If the maker of Big Red and Juicy Fruit thinks its chewing gums have a monopoly on boosting your memory, it should think again. New work by Elon University faculty member Amy Overman and her undergraduate researchers show that gum itself isn’t special – any candy or oral activity probably works just as well at sharpening the mind.

“I think it’s just the action of your mouth that serves as a memory cue,” said assistant professor Amy Overman, the lead author on a new study published in the journal Appetite. “It has nothing to do with the gum itself.

Overman’s work appears in next month’s print edition of Appetite and is currently featured online. Her article, “Chewing gum does not induce context-dependent memory when flavor is held constant,” builds upon previous research. As Overman and her students discovered, despite plenty of work by scholars in recent years to study the effects of chewing gum on cognition, no one ever held the flavor steady.
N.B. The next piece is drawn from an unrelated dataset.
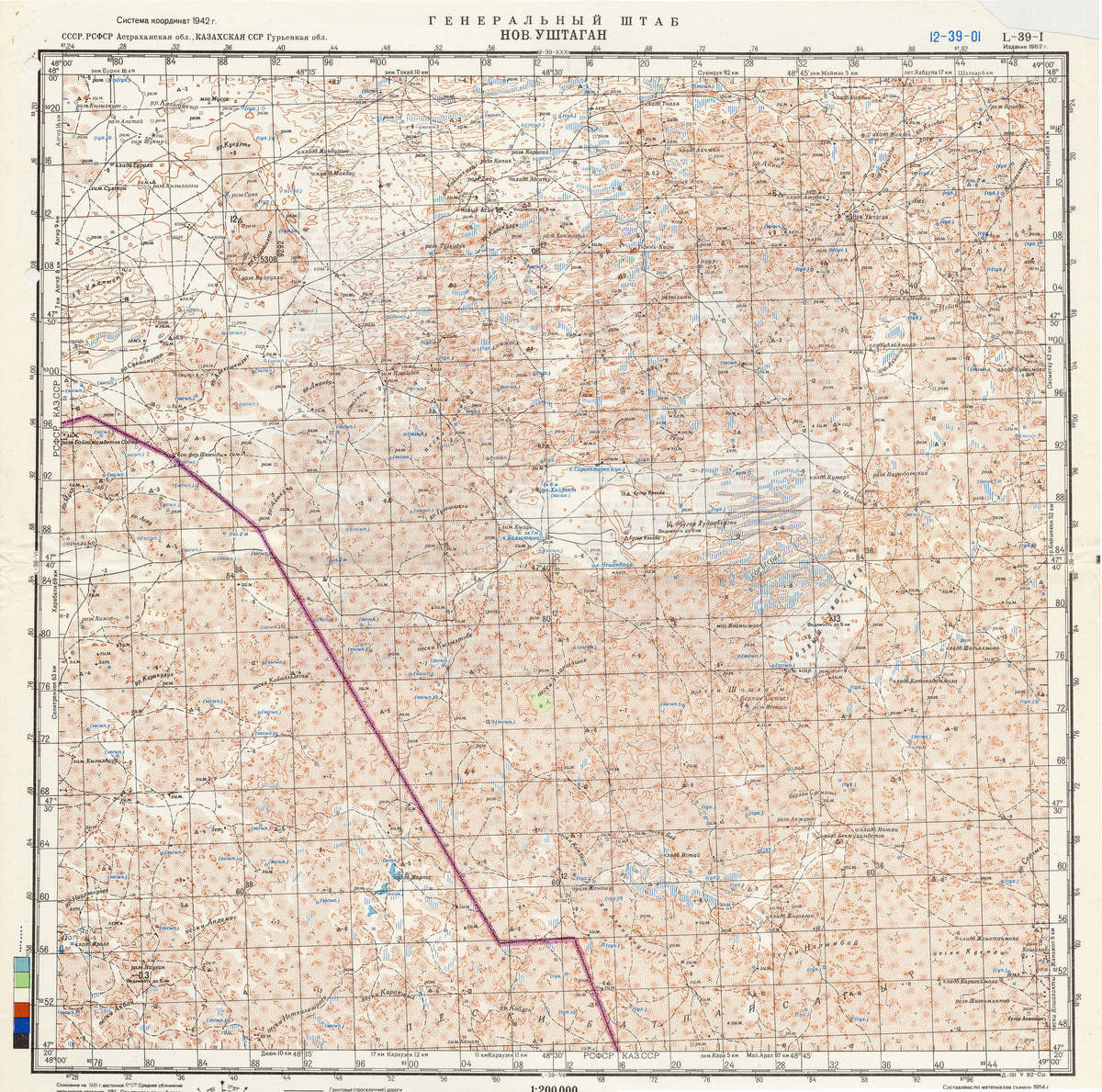 (image for) Russia 1:200,000: L-39-01 - Click Image to Close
In this case, that flavor was cinnamon. Researchers used 101 student volunteers to test whether chewing cinnamon gum versus sucking on a cinnamon candy helped participants remember sets of words they first viewed minutes earlier. The results? The only difference noted was students’ ability to better remember concrete words – like “plate,” “star” and “lock” – than abstract words like “luck,” “mood” or “aim.”

That’s nothing new. It did, however, prove to Overman and her students that their test was a solid measure of memory ability. Elon students Justin Sun, Abbe Golding and Darius Prevost co-authored the research.
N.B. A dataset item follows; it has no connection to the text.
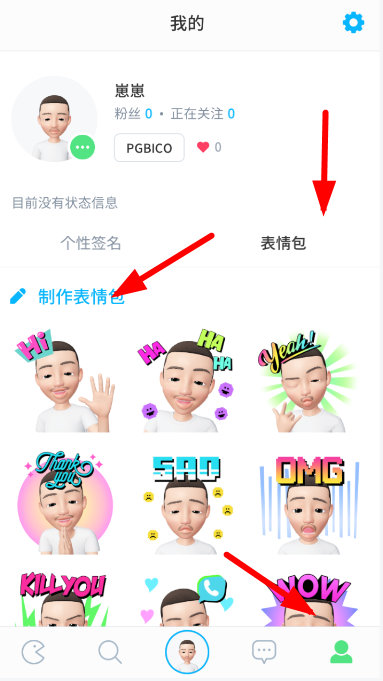 关于崽崽中制作出表情包的具体操作方法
“I think it’s just the action of your mouth that serves as a memory cue,” Overman said. “It has nothing to do with the gum itself. Flavor could also be playing a role. When you chew gum you aren't just switching from doing nothing to chewing, you're also switching from having no flavor to having a strong flavor, right next to your nose.

“It is well known that scents are strong memory cues. Flavor is mostly made up of scent,” she said. “That is why our study kept flavor the same in both conditions, to rule out flavor's ability to influence memory and just look at how mouth movements were influencing memory.”

Anything unique will help make a memory more accessible later so moving your mouth, whether sucking or chewing, can form a memory cue, Overman said. A special flavor can form a memory cue. Also, sucking or chewing could act as a stress reliever, like working a "worry stone" but in a person’s mouth instead of his or her hand.

Overman joined the Elon faculty in 2007 and has focused her research on relationship between aging and memory, notably the neurological aspects of that relationship. The Pennsylvania native earned her master’s and doctoral degrees from the University of Pittsburgh and the Center for the Neural Basis of Cognition.